Lesson 1: Intro to Deep Learning
This lesson is designed to give you a general overview of the topics that will be applied in this project so that you can then leverage online resources to learn more and also to prepare you in understanding how to upcoming project actually works. At the end of this lesson, you will have a very good understanding of the concepts that will be applied in this guided project and will even be able to do your own Machine Learning projects regardless if you continue with this one. You will understand the basics of Human Intelligence and Learning, Artificial Intelligence Machine Learning, Deep Learning, and Neural Networks.
Inro to Deep Learning: https://www.geeksforgeeks.org/introduction-deep-learning/
How Neural Networks work: https://www.youtube.com/watch?v=bfmFfD2RIcg
Intro to Machine learning: https://www.youtube.com/watch?v=KNAWp2S3w94
Why Deep Learning?
Before we begin learning about Deep Learning and applying it to the project, we must first understand why we should be learning about it in the first place. For the last decade or so, Deep Learning (DL) and Artificial Intelligence (AI) has been at the top of the list in peoples minds when it comes to anyone says the word “technology”. These two terms AI and DL have become synonymous in people’s minds because they have become so widely used. However Deep Learning is the cutting edge in a field that seeks to redefine what intelligence means in humans and computers and apply it to problems for the improvement of society as a whole. Deep Learning has delivered super-human accuracy for image classification, image processing, and language processing. We have been able to use Deep Learning to solve and automate tasks that could never have humans and other machine learning models could never have done on their own. It has allowed us to look at intelligence in a different way and brought us one step closer to understanding what it is the defines intelligence. In the application of Machine Learning (ML) and DL, you will be able to implement and solve problems that you any have never thought achievable and gain a more in-depth understanding of yourself and how you also learn. Deep Learning is just the latest attempt to understand how we work and learn new things.
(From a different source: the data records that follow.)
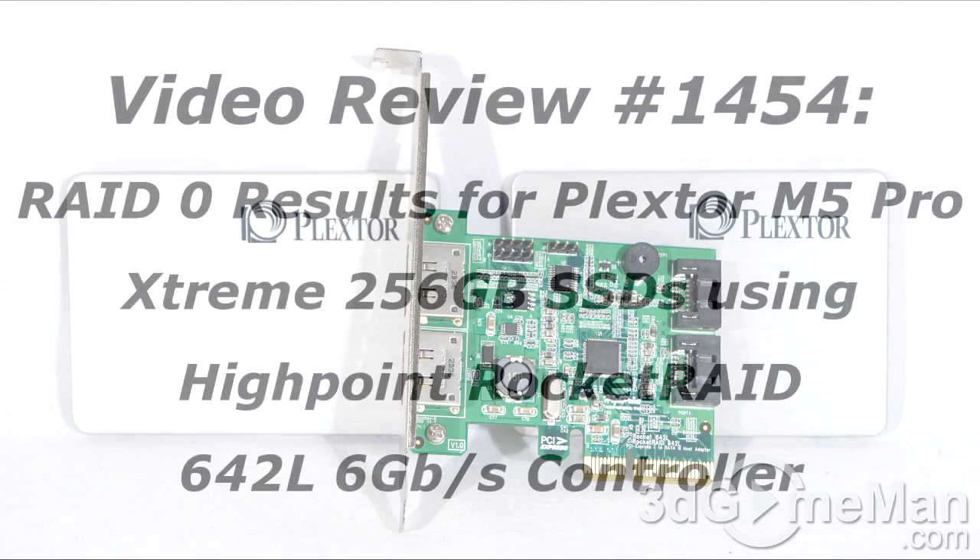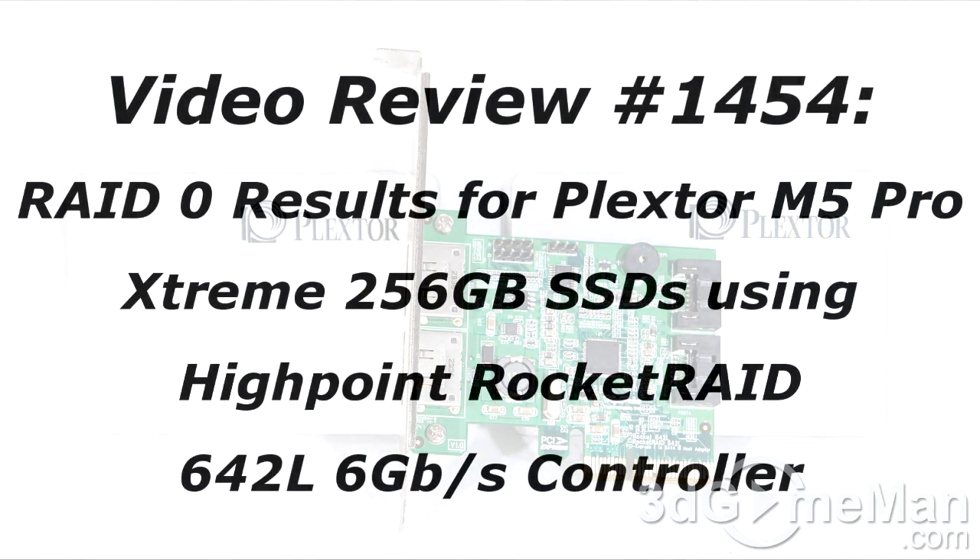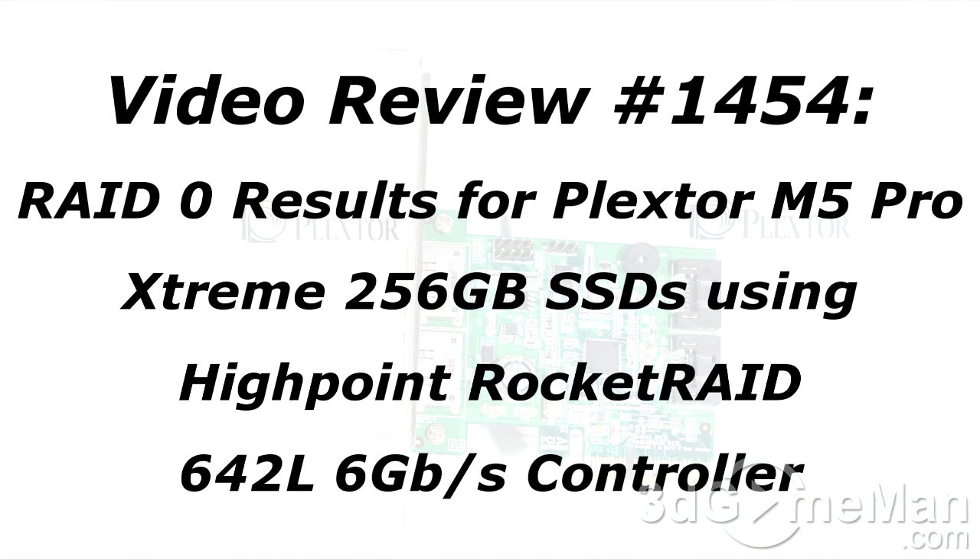The video review will start in a few seconds, but if you're watching this on YouTube, remember if you have a question, comment, or suggestion for me, you can post it on 3dgameman.com and the link is provided below.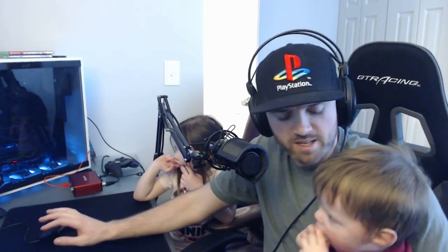All right guys, that's gonna do it for this video — my kids woke up from their nap just in time for the end. If you like the design, please give the video a thumbs up. Also consider subscribing if you want to see more design videos like this one in the future. Thank you for watching!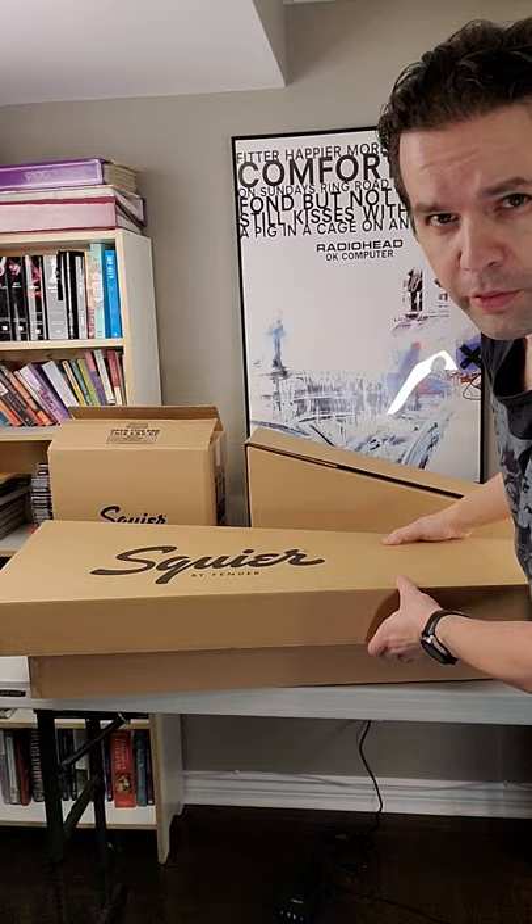An authentic limited edition Squire... air guitar. Unsubscribe is below.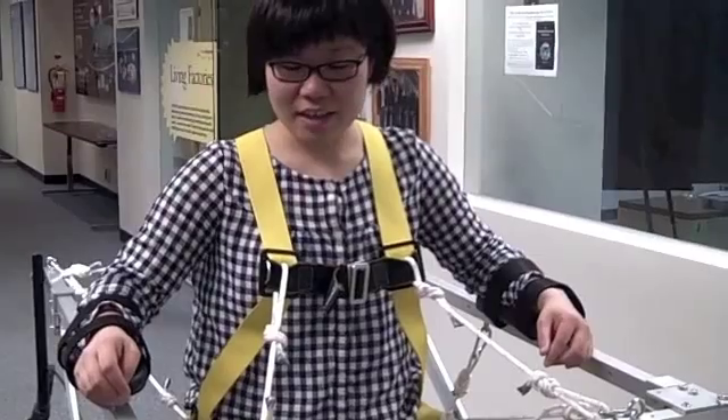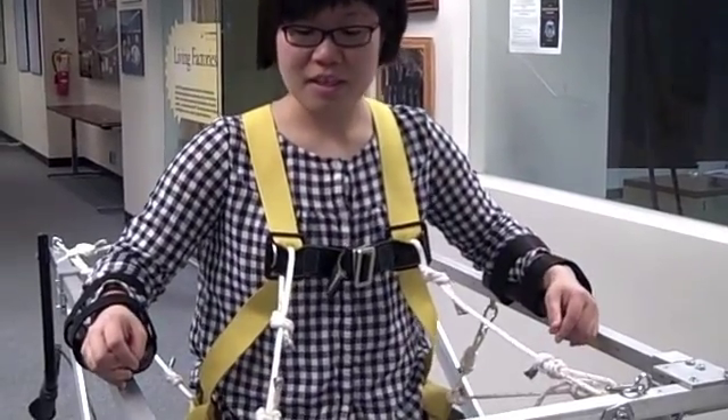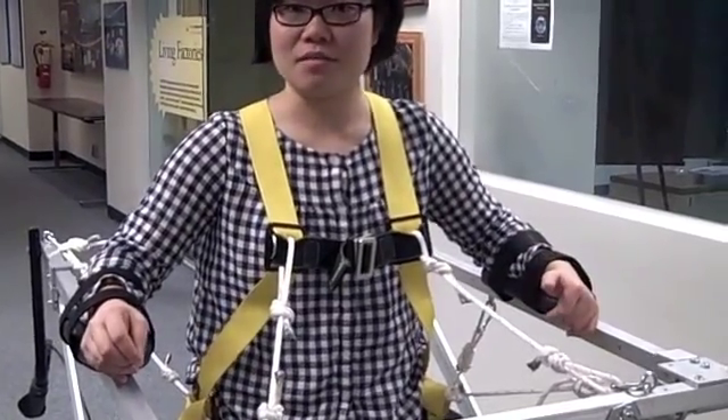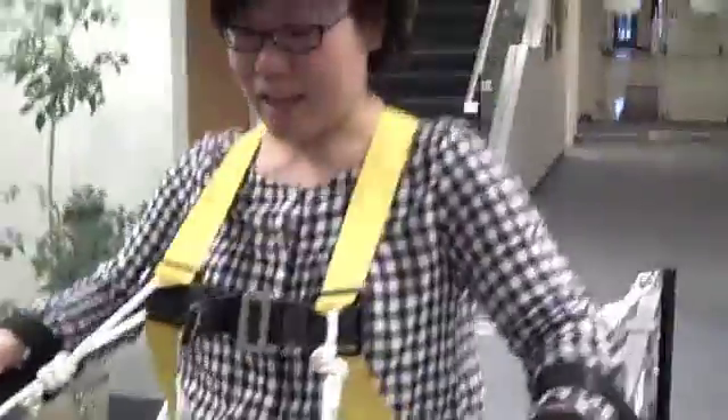I'm wearing a full-body harness. It has a place to attach rope to the front and back of the gait trainer to provide lower body support through these ropes, and upper body support that will prevent me from leaning back and then forward.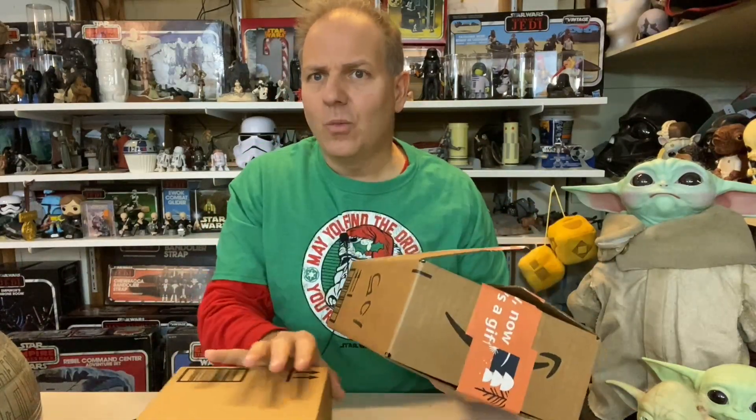Hello once again, Star Wars and unboxing fans! Welcome to another episode of Darth Tuba's Star Wars Unboxing Show. I'm your host Darth Tuba, and today I have not one but two packages. You'll notice this one is pre-opened.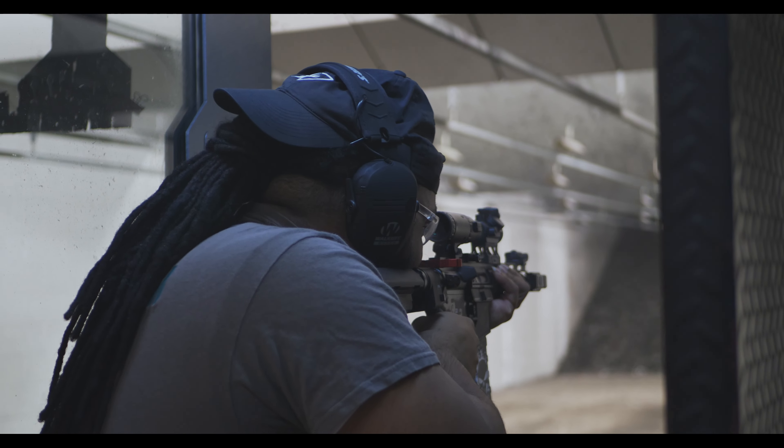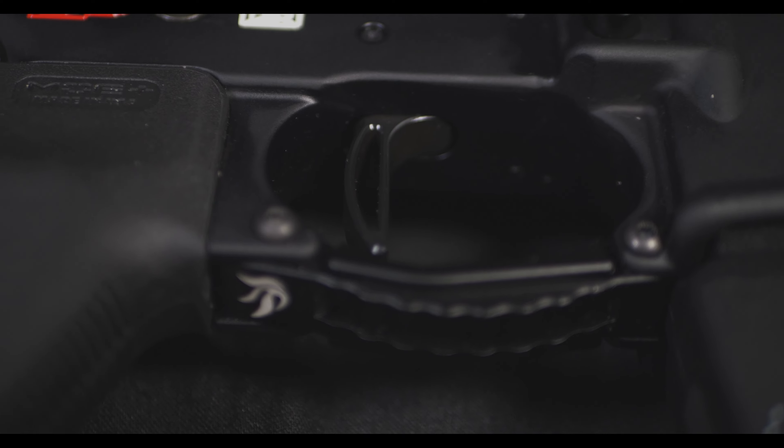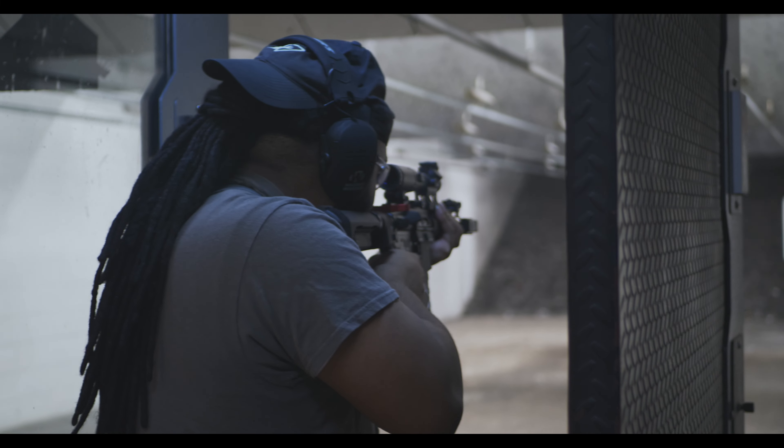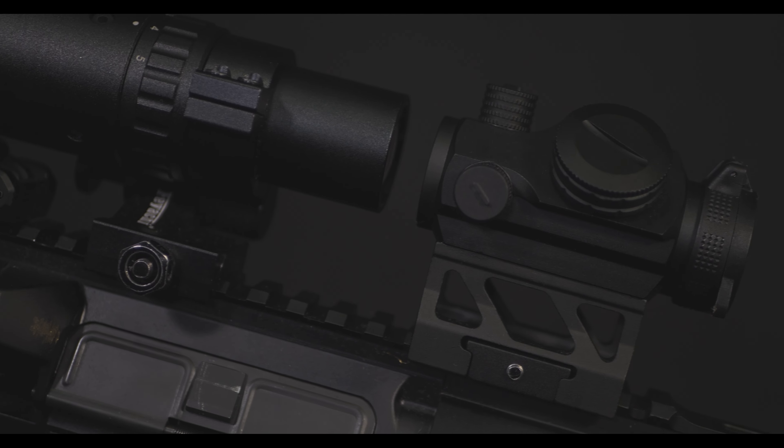It already came pre-customized with a trigger and a trigger guard. I made a few changes of my own — I decided that I wanted to put a red laser on to co-witness with my optic setup, which is a red dot and a red dot magnifier, so it can help me see better downrange.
With that, let’s dive into what DL is and a general overview of important topics in ML.
What are the 2 aspects of Machine Learning?
It is important to understand a general perspective of what makes up learning before diving into the topics of Artificial Intelligence, Machine Learning, and Deep Learning. Learning can be viewed to fall into a simple mathematical model:
Learning = Knowledge + Data
It is impossible to learn without some prior knowledge and assumptions on the subject. Assumptions must be made and applied in order for learning to take place. These assumptions are taken from prior knowledge one has. With this prior knowledge and the assumptions made from it we can then begin to learn from the data we have available and begin the process of trial and error that is at the core of all new learning. The process can be simplified to we have an idea of what should happen and what to look for, then we iterate through trails and learn from mistakes until we achieve the desired end result. This is what all ML and DL models do to learn as it at the heart of every single learning process. The more data we have on a particular problem the less prior knowledge we need and the more knowledge we have the less data we need to sole the problem.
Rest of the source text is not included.